Given information »
/---
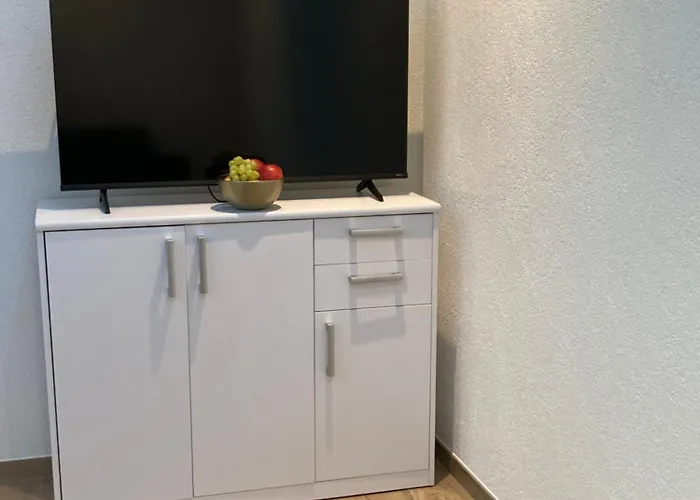 Kirschner In Unter Toesens Inkl Super Sommer Card Apartament *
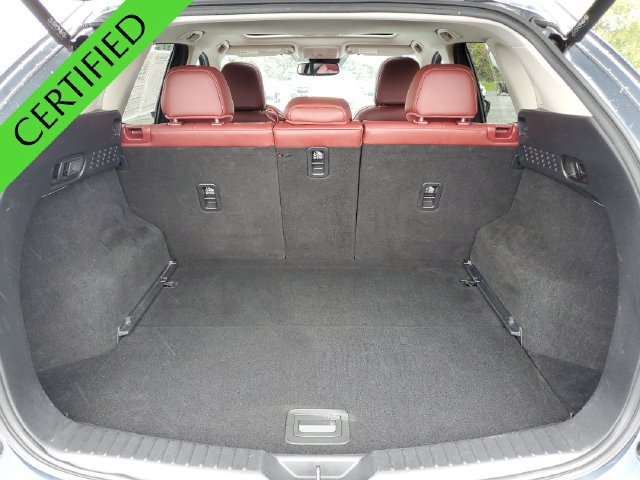 Used 2023 MAZDA CX-5 Carbon Edition AWD/4WD image 34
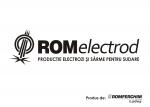 Electrozi rutilici ROMTIT (E 6013)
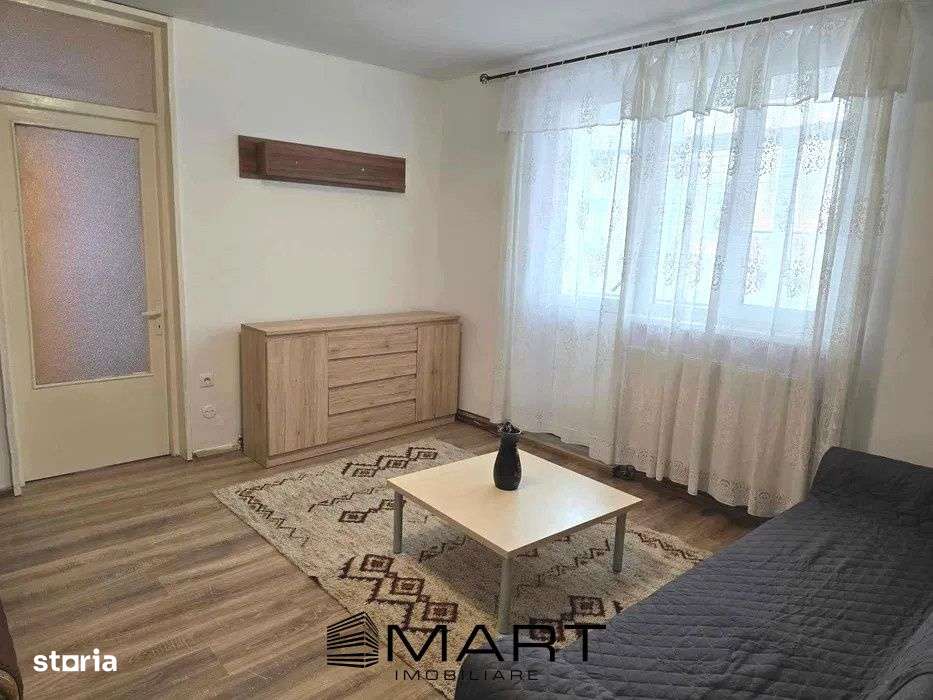 Apartament 2 camere zona Calea Dumbravii - Imagine principală: 4/9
\---
Task instructions » What you give back must be the data above, reproduced exactly and free of pictures.

Solved exercise »
 Kirschner In Unter Toesens Inkl Super Sommer Card Apartament *
 Used 2023 MAZDA CX-5 Carbon Edition AWD/4WD image 34
 Electrozi rutilici ROMTIT (E 6013)
 Apartament 2 camere zona Calea Dumbravii - Imagine principală: 4/9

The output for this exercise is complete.